Data for processing Start Marker

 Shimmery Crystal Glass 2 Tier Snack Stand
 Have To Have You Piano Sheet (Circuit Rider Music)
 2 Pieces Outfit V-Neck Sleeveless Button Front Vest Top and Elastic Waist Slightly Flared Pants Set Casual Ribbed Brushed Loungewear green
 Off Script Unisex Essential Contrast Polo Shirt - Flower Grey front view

Data for processing End Marker
Data for processing Start Marker

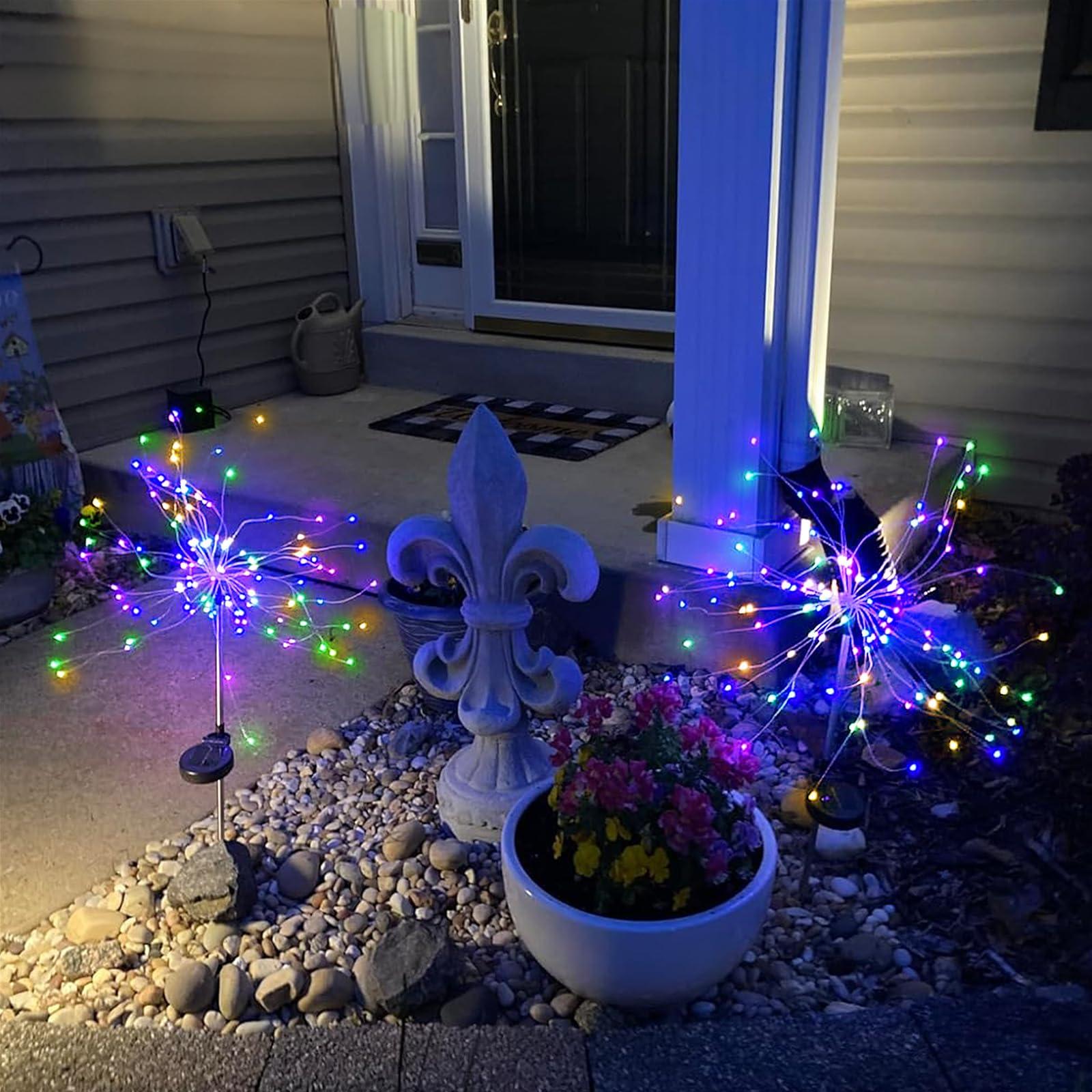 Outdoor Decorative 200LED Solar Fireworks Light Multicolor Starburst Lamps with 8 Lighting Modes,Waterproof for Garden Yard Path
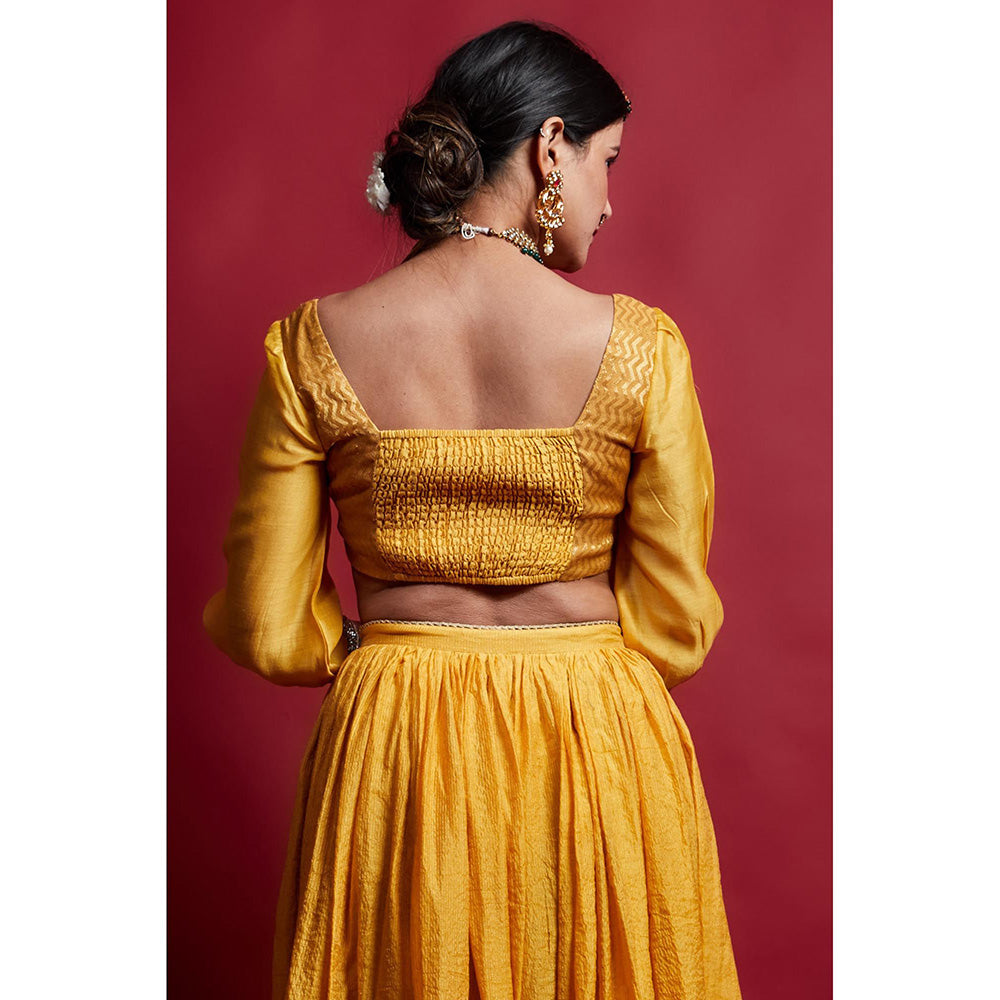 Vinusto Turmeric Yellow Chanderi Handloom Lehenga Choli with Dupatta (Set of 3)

Data for processing End Marker

What you give back should be exactly the lines of the data above from the line with "Shimmery Crystal Glass 2 Tier Snack Stand" through the line with "Off Script Unisex", both of those included, and nothing more.

# Response box
 Shimmery Crystal Glass 2 Tier Snack Stand
 Have To Have You Piano Sheet (Circuit Rider Music)
 2 Pieces Outfit V-Neck Sleeveless Button Front Vest Top and Elastic Waist Slightly Flared Pants Set Casual Ribbed Brushed Loungewear green
 Off Script Unisex Essential Contrast Polo Shirt - Flower Grey front view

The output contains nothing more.